Intended Learning Outcomes

  1. Identify variables and describe relationships
  2. Collect, record and analyze data.
  3. Demonstrate scientific principles.


Instructional Procedures

Step 1: Place the erosion chambers on a visible table in the classroom. Tell the students that they will be conducting an experiment on water erosion. Have the students discuss each of the three sections of the erosion chamber and label them as (1) bare soil, (2) scarce vegetation, and (3) vegetated.

Step 2: Have the students sketch the apparatus and label the sections. Ask the students to predict and record what they think will happen when 2 liters of water are poured into each section. What will the soil look like? What will the runoff look like? Will it make a difference if the water is poured on in a stream or "sprinkled?"

Step 3: Begin the experiment with the vegetated section. Have the students make observations about what the soil looks like as the water runs over the surface. How much water soaks in? How much runs off? Consider having students measure the time it takes for all excess water to run out of the chamber. Start the timer when the water is poured on the soil and stop the timer when there is no additional water draining from the pan. Discuss student observations. You may need to pour in 2 or 3 liters of water to see water draining from the end of the pan. The amount of water needed will depend upon the amount of moisture in the soil before you began the lab.

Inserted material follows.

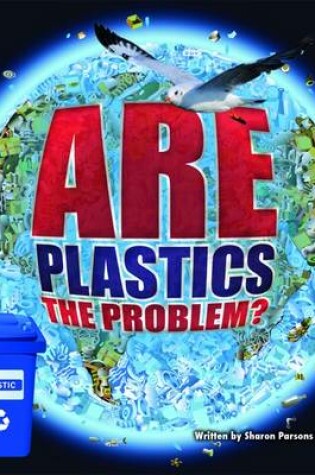 Cover of Are Plastics the Problem?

Step 4: Repeat the process in the other sections. Time each experiment and record the results in a journal. Invite students to think about an explanation for the results they recorded.

Step 5: When all three of the sections have received the same amount of water, measure the amount of water that was collected at the end of each chamber.

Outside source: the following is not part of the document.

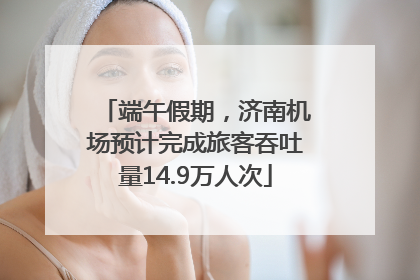 端午假期，济南机场预计完成旅客吞吐量14.9万人次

You may want to weigh the pans before and after the lab to show which pan absorbed the greatest amount of water.

Marking the soil level in each of the jars with a transparency pen at the conclusion of the lab will allow students to compare the amount of soil that eroded in each pan.

Compare the amount of time that water continues to drain from each pan. It is similar or different?

Step 6: Discuss the results of this activity. Soil erosion will be the greatest in the area with no vegetation, followed by the pan with scarce vegetation. There will be little erosion from the fully vegetated pan. It can take decades to millions of years to make new soil. Pose the following questions to the students.

  • Why is soil erosion a concern?
  • What can be done to prevent soil erosion?

Step 7: Ask the students, does gravity affect the rate of erosion? Would a steep hill be more likely to erode than a gentle hill? Why or why not? Change the angle of the apparatus to compare the amount of soil erosion on a gentle incline versus a steep incline.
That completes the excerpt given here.